How to achieve Zero or near-Zero Downtime for DB-failover using SAP HANA System Replication
For quite sometimes, I was working with the team on SAP HANA System Replication. This is mainly focused for CRM on HANA or SoH HA/DR POC.
CRM on HANA is a scale-up solution – for HA part, we prefer SAP HANA System Replication within the same Datacenter whereas for DR, we leverage storage replication across Datacenters.
There are two aspects:
– SAP HANA System Replication setup/failover Testing
– CRM HA : Extend SAP HANA System Replication as a HA solution for CRM
Due to business criticality, CRM system HA failover should be Auto-Failover with zero data loss.

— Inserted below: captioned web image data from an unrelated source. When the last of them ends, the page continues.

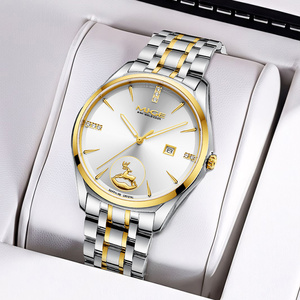1Customized Luxury Stainless Steel Miyota <b>Automatic</b> Mechanical Water Resistant <b>Chronograph</b> Men's Watch Pointer Dial 20mm Band - Product Image 3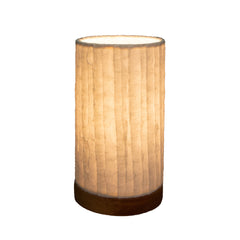 Paper Cylinder Table Lamp Lines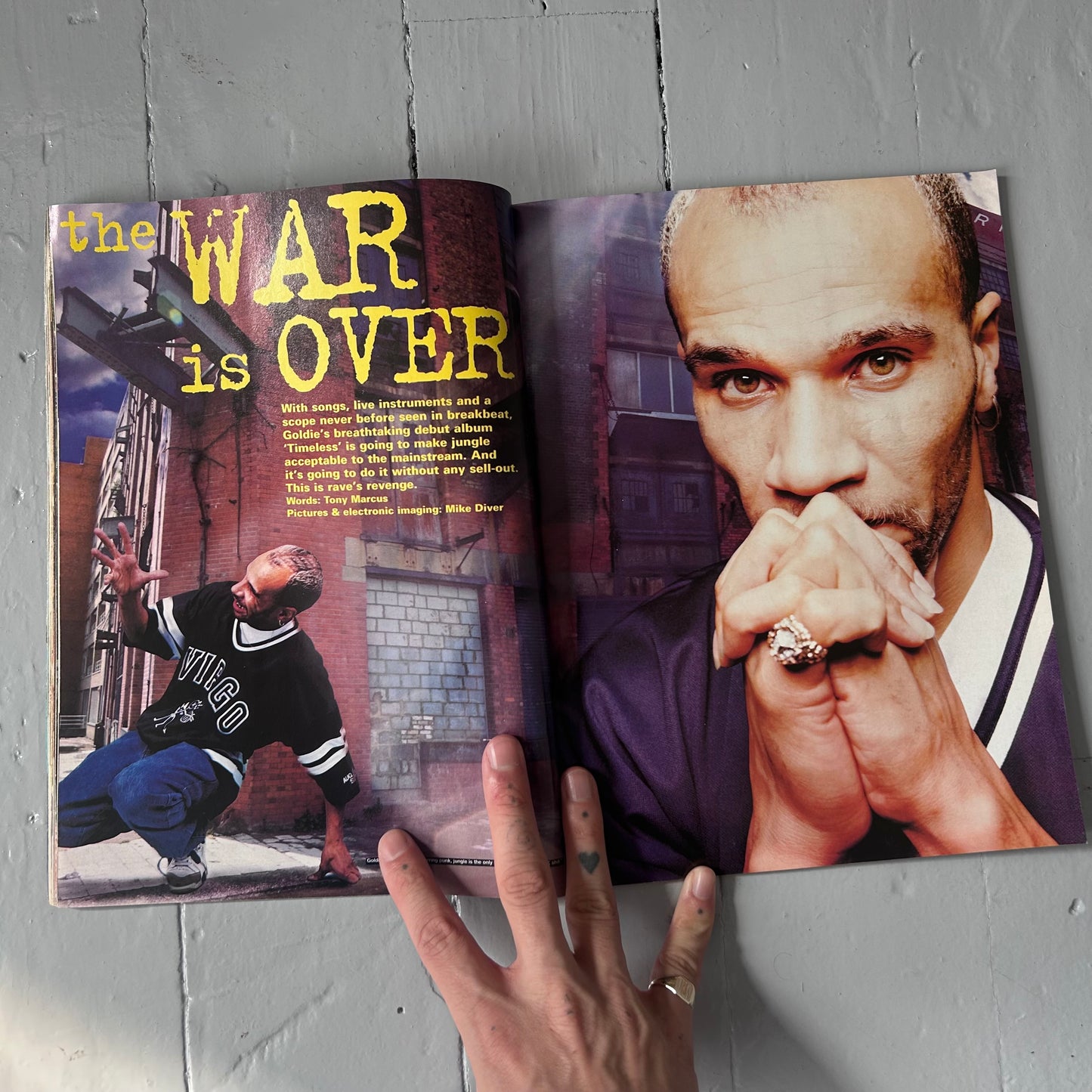1995 Goldie original junglist Mixmag magazine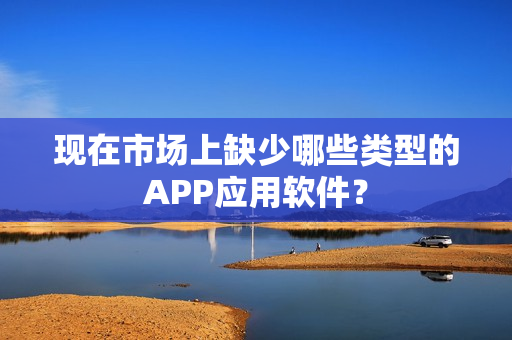 现在市场上缺少哪些类型的APP应用软件？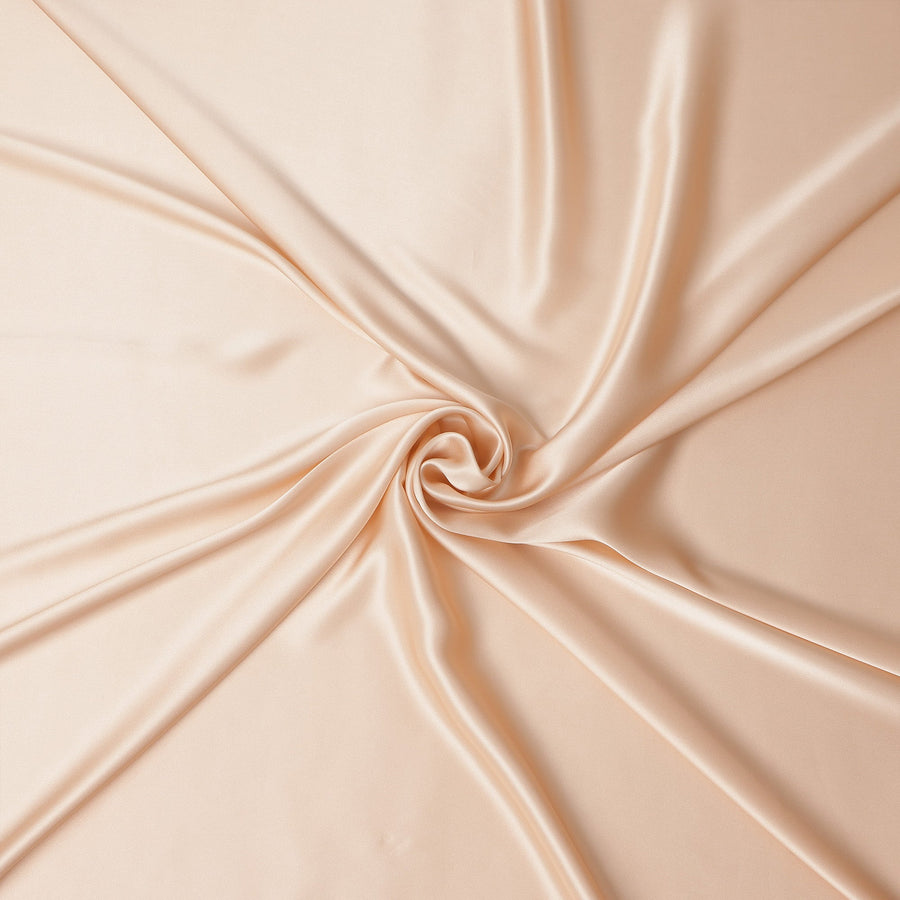 Beige Plain Silk Satin Fabric 110cm | Chinese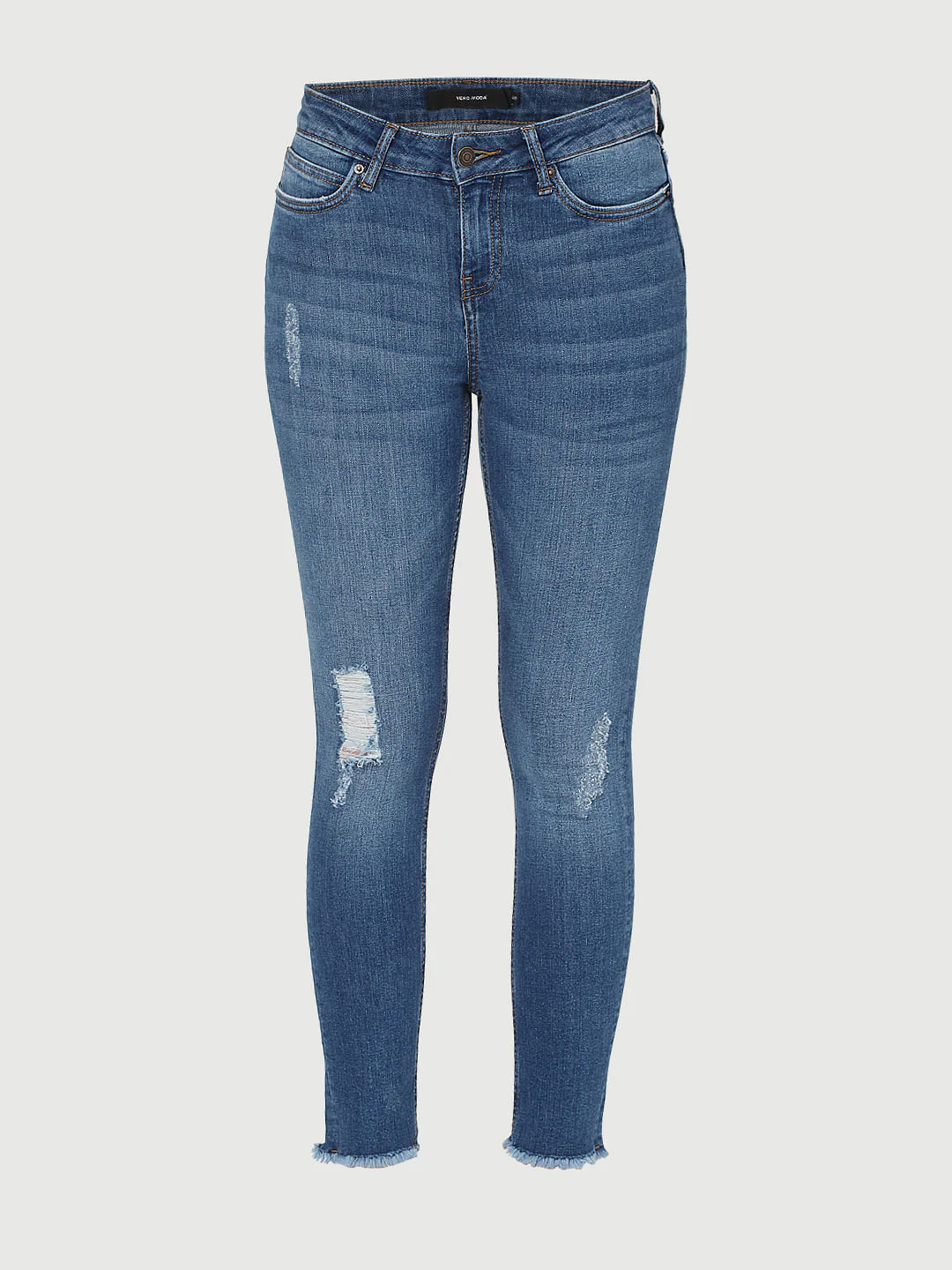 Blue Mid Rise Wendy Skinny Jeans - Image 6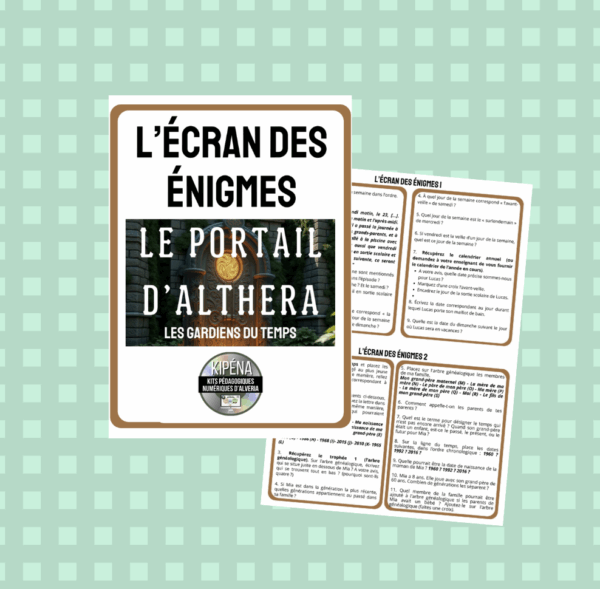Impressions Papier Althera - 1 "écran des énigmes" - feuillets simples couleur - format A4 - recto verso
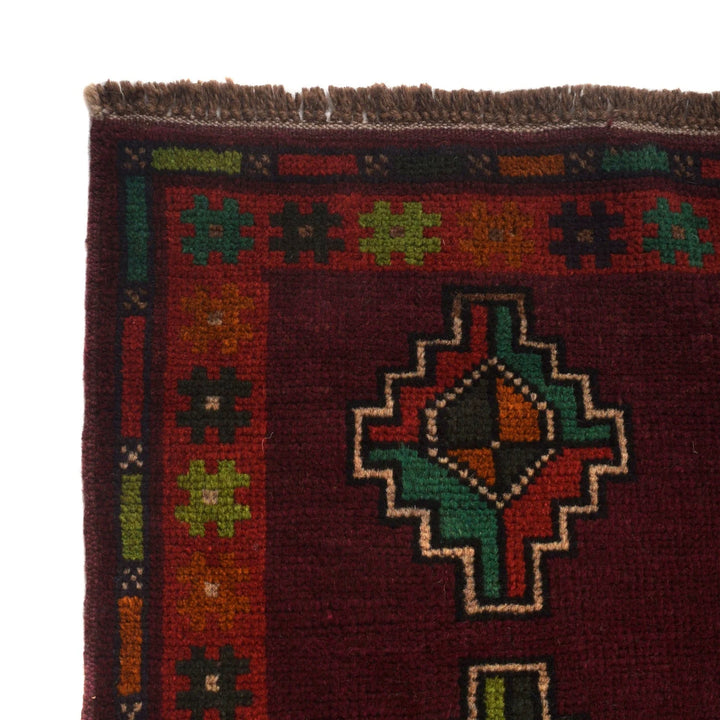 Afghan Baluchi Rug 4' 4" x 6' 4" Hand-Knotted | No. AL36518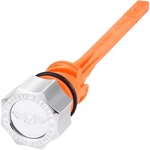 Figurati Designs Curved Silver Magnetic Oil Dipstick Harley 18-25 Softail. Fixed Price $159.95.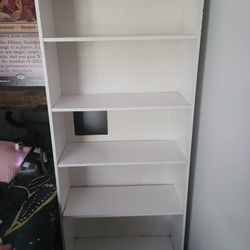 White Bookshelf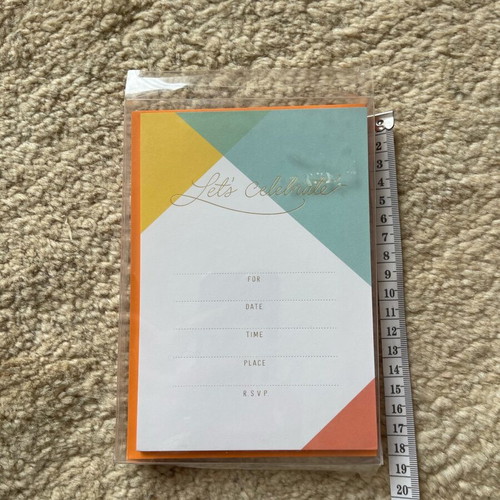 Hallmark invitations set of 14 with modern geometric design like new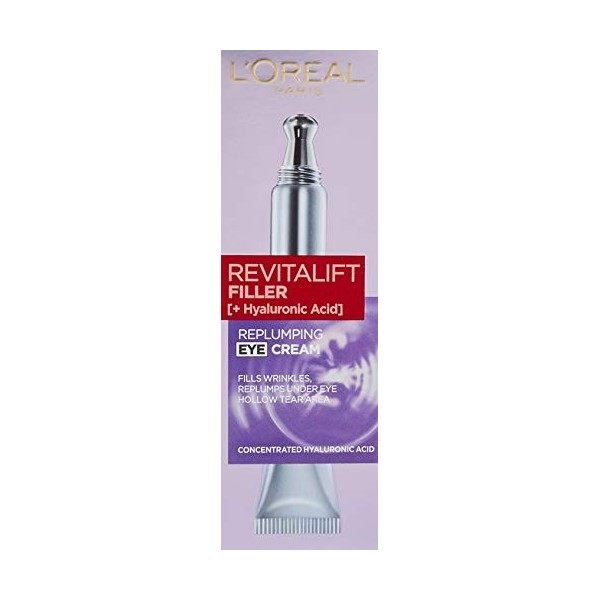 LOreal LOréal Paris Revitalift Filler Renouveler Eye Cream , 15 Ml Lot De 1 Crème Jour et Nuit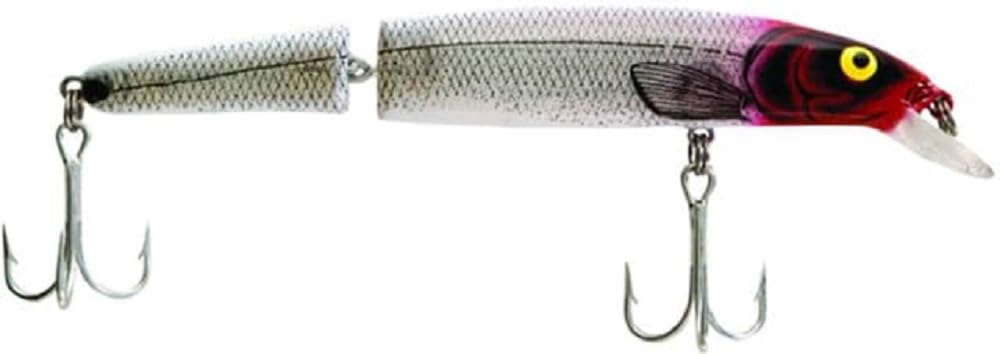 Bomber Saltwater Grade Heavy Duty Jointed Long A - Silver Flash/Red Head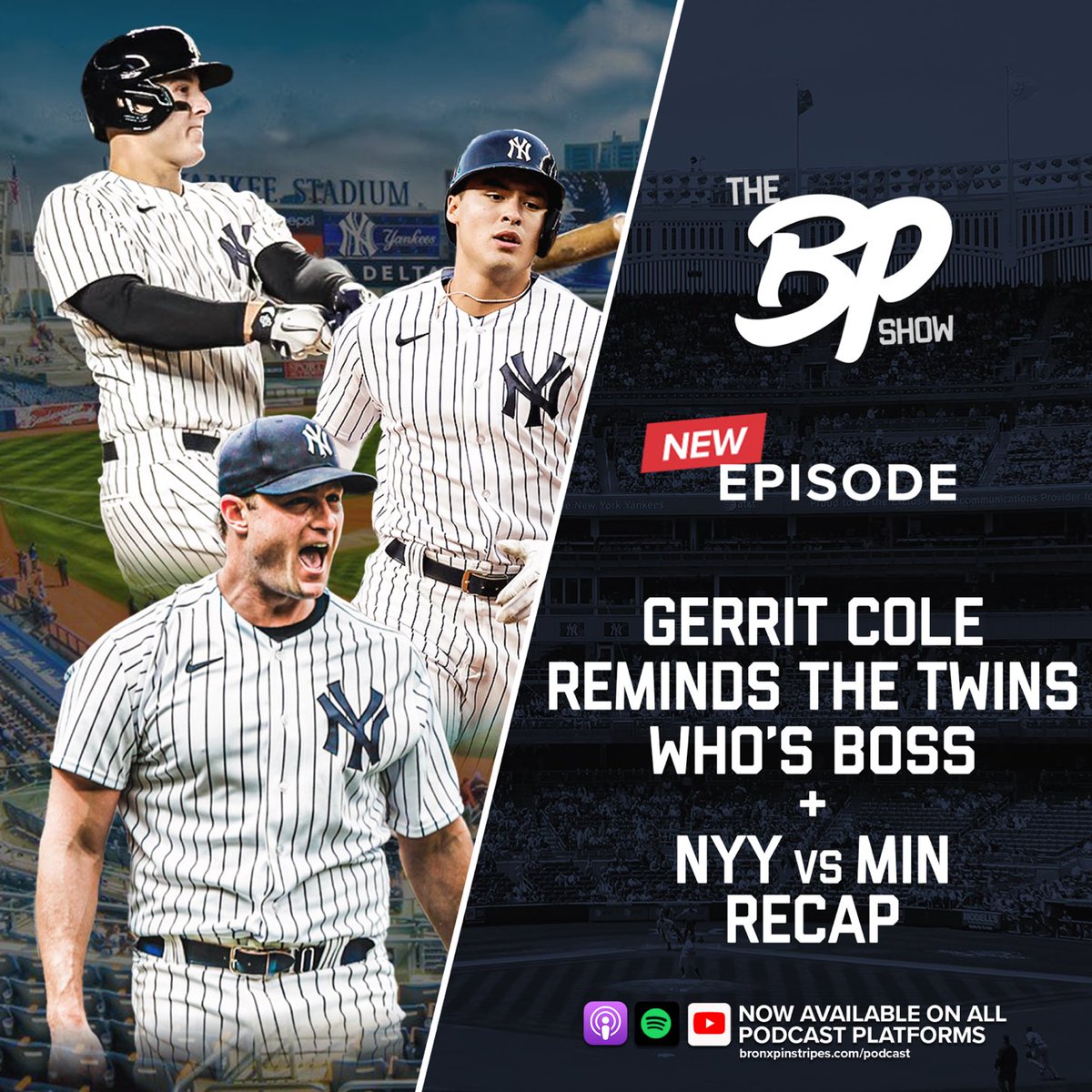 🚨NEW <a href="/YankeesPodcast/">The Bronx Pinstripes Show</a>!🚨

The guys discuss Cole’s recent domination, Rizzo’s hot start and finally the recap the entire series split against the Twins! 🔥⚾️

Listen here!🎧
👉smarturl.it/YankeesPodcast
Watch here!📺
👉youtu.be/PGS8nbKfAJw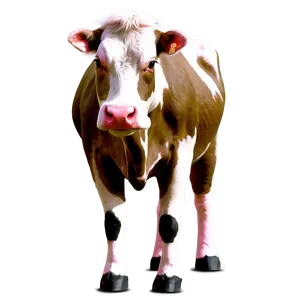 Pink Strawberry Cow Art Png 06252024 PNG image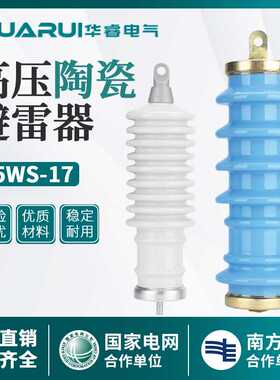 10kv陶瓷金属氧化锌避雷器 Y5WS-17/50FT高压高压蓝色 白色广东型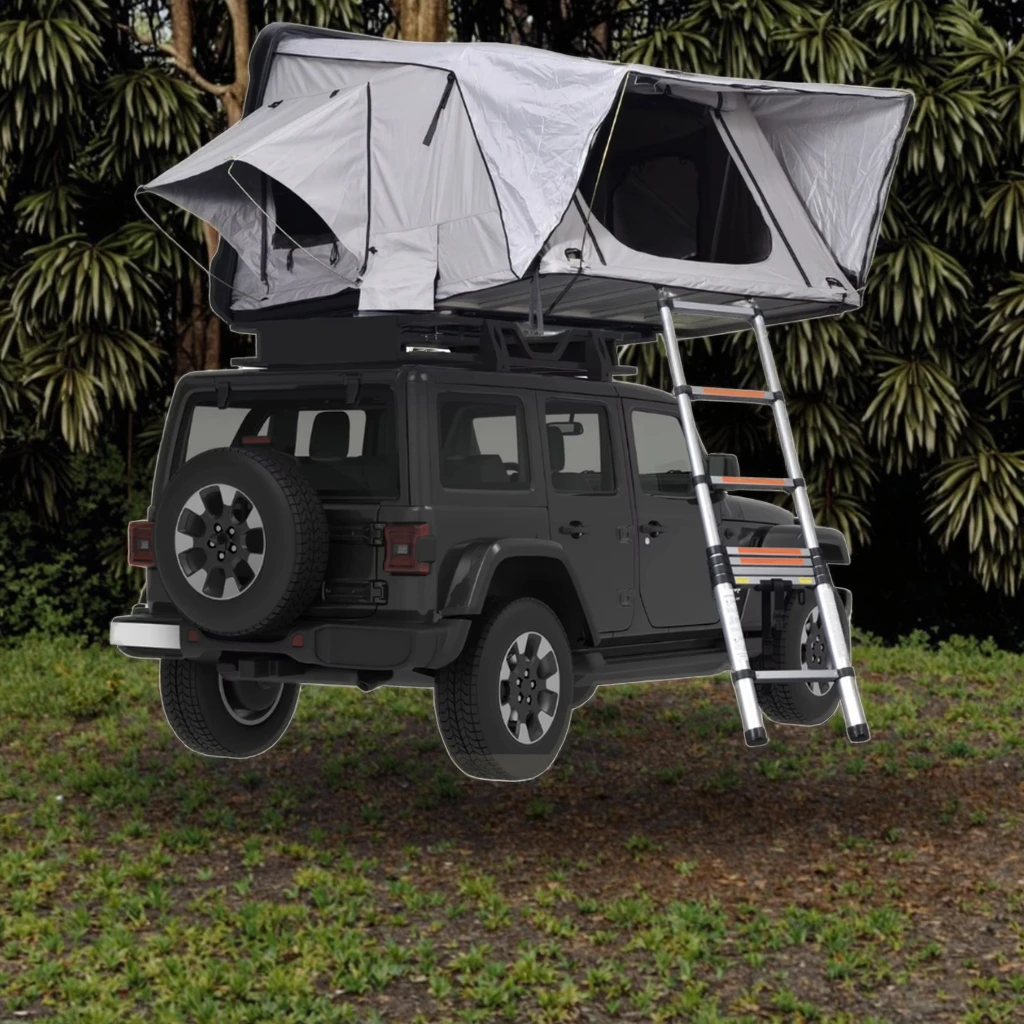 

Hot Sale High Quality 2-Person SUV & Truck Rooftop Tent China Hard ABS Shell with Aluminum Pole Straight Bracing for Sale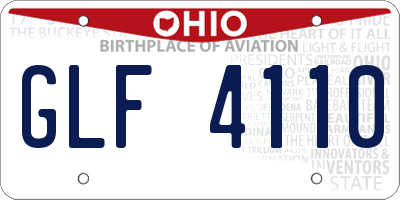 OH license plate GLF4110
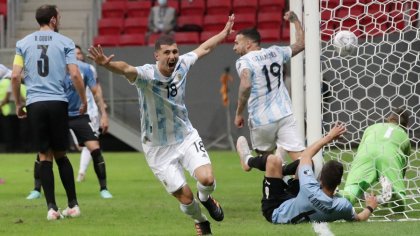 Importante triunfo de Argentina 1 a 0 ante Uruguay en el clásico rioplatense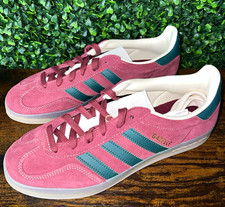 adidas Gazelle Indoor Men s 8 Low Top Lace Up Suede Shadow Red/Green JH5403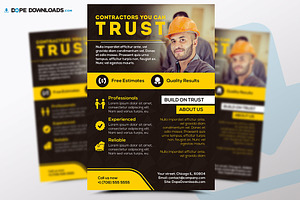 Contractors Flyer Template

There are some technical points in this regard –
SAP HANA System Replication is primarily a Disaster Tolerance (DT) / Disaster Recovery (DR) Solution and NOT a full-fledged HA solution.
• HANA System Replication is NOT Host Auto-Failover
• HANA System Replication synchronizes data between two data centers (Site A and Site B)
• HANA System Replication works only for Scale Up
In this blog, I will discuss about SAP HANA System Replication – possibility to make it as automated failover. But I will not touch how to setup the systems to perform SAP HANA System Replication.
My recommendation for the above as follows – which is the best solution in industry as of today:
Combination of SUSE Linux Enterprise High Availability Extension Cluster (SLES HAE) with SAP HANA System Replication. But as on date, SLES HAE is taking care of HANA Database, it is not fully SAP Application-aware.
Without SLES HAE,
Yes, HANA System Replication can be used as HA solution if the connections from database clients that were configured to reach the primary system, and need to be “diverted” to the secondary system after a failover with an automatic way via IP redirection, DNS redirection, etc. along-with SAP HANA Service Auto-Restart watchdog function. But again, we have to take care Host Auto-failover functionality.
Remember, in this way, SAP HANA System Replication can be used as main HA failover for zero or near-zero downtime maintenance or failures.
– SAP HANA System Replication is already configured as per SAP standard guide.
– DB Takeover is happening from Primary to Secondary Node in perfect manner.
– People/Team having required skill-set and proper access, authorization to perform the activity.
Preparation at ABAP Application Server :
– Set greater value for rdisp/max_wprun_time from its default value of 300 seconds. It should be greater than DB Takeover process from Primary to Secondary node.
– Set the parameter rdisp/wp_auto_restart = 0
– Set the parameter dbs/hdb/quiesce_check_enable to “1” (default value is 0).
Just before the Takeover, we have to create a file named “hdb_quiesce.dat” using touch command in the DIR_GLOBAL directory (i.e., /usr/sap/<SAP_SID>/SYS/global).
This will suspend the connection between the application server and database server (Primary node, in this case), one can check via R3trans command.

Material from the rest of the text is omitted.